In this blog, I consider the following factors when choosing an alternator to charge LiFePO4 batteries on a boat:
The battery bank
I will install 460AH x 2 with 12.8V, so 11.6kWh. In the event that the batteries are discharged, for example because I have prepared a large dinner with friends, I will have to keep the engine running to recharge the batteries. I also have a 330W solar, but I can neglect that in my calculations.
Plan is to be able to charge the batteries in a maximum of 4 hours with the engine running.
That means I need at least a 2.9kW alternator. The alternators used to run on 14V, so I need a constant min. 207A generator/alternator.
My boat is an aluminum Alubat Ovni with a Volvo Penta D2-55 diesel engine. To avoid aluminum corrosion (electrolysis) I can’t connect the ground to the boat hull. Most common alternators have the mass on the housing. This means I need to find an insulated ground (IG) alternator or isolate the alternator housing from the engine with an insulating bracket.
The Volvo Penta D2-55 diesel engine is not very powerful, so I also plan to regulate the alternator with a Wakespeed controller. (Described in previous post) This means I need an alternator with no internal regulator (no IR).
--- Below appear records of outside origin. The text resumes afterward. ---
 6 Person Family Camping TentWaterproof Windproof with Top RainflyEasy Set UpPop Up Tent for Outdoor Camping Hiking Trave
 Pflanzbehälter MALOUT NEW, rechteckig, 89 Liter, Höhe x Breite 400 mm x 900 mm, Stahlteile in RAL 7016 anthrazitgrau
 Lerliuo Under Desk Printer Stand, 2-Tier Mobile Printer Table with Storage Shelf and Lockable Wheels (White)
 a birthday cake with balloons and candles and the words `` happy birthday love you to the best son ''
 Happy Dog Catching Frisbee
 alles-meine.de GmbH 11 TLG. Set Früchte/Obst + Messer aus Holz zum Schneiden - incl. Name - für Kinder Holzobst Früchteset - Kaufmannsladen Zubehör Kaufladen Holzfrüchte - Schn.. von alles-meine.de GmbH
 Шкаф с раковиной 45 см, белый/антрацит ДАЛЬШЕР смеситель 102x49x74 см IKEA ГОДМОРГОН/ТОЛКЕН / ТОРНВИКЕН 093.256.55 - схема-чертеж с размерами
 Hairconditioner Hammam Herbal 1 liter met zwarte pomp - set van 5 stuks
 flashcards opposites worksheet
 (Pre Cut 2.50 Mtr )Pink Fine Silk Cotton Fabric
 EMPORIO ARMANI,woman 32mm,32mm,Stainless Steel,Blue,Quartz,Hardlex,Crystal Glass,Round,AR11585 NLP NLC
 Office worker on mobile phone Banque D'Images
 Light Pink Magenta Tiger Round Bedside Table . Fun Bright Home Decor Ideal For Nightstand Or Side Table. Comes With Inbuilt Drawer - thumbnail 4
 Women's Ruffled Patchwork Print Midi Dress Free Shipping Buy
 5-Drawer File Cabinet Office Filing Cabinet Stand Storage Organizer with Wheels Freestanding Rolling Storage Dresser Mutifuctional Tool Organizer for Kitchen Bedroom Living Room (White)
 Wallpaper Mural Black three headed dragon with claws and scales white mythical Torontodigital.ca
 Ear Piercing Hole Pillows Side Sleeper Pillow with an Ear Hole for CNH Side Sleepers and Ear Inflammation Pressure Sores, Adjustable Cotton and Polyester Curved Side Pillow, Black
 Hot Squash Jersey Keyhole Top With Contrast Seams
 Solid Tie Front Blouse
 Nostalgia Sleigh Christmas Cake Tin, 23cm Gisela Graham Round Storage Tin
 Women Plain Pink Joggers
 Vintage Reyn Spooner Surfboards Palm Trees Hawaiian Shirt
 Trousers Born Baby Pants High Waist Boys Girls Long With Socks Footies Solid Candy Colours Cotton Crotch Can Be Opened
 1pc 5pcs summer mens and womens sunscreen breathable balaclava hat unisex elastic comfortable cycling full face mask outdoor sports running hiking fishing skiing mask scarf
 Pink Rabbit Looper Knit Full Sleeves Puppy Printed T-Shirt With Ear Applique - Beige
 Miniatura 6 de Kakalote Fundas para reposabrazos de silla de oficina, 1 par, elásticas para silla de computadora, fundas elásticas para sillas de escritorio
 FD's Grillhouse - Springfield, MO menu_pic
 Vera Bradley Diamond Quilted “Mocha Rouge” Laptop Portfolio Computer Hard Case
Speed ratio between alternator and diesel engine will be 2.3 in my case. The maximum speed of the diesel engine is probably 4000 rpm without load. The maximum speed of the alternator is 9000 rpm. So I would be on safe operation even if the engine decides to go to top speed.
Which alternator or generator to use to charge the batteries?
There are many alternators on the market, especially from the automotive industry. I’ve been thinking about buying one. The electrical output characteristics of vehicle alternators are mostly as follows:
The power output starts at 1500 rpm alternator speed. So it doesn’t deliver any power when idling.
The 270A alternator delivers my desired 207A at an alternator speed of 5000 rpm, which corresponds to an engine speed of 2200 rpm in a cold environment (23 °C). It will never deliver the desired 207A in a warm environment. (max about 170A)
Actually, I would like to run the engine at about 1500 rpm for charging. At that speed (20kW) it has largely enough power for charging (3kW) and boat propulsion (6kW). At higher speeds it gets pretty loud in the boat.
The engine room is pretty small and warm so I’ll probably never get the 207A from this alternator. The solution is to choose a larger alternator, maybe 300A. On the one hand, the 300A alternators are much larger and more expensive.
A few more thoughts:
The automotive alternators are not designed to run at maximum load for long periods of time. In the car, they usually cover the power needs of the system and on rare occasions charge the 12V battery when it is empty after a long period of inactivity. No need to charge 11kWh batteries.
In the automotive industry, when lithium-ion batteries over 1kW are implemented, the alternator is replaced by a 48V or high-voltage electric motor (belt starter generator (BSG), …). The electronics for these electric motors are usually water-cooled in order to be able to run for a long time under heavy loads.
I thought about implementing a BSG in the boat. Because my system runs on 12v and I don’t have the money to redesign everything is not possible. The voltage of the electric motors is at least 48 V. These motors are also more expensive than the alternators
The best I could find for my needs is the 270A XT Balmar alternator.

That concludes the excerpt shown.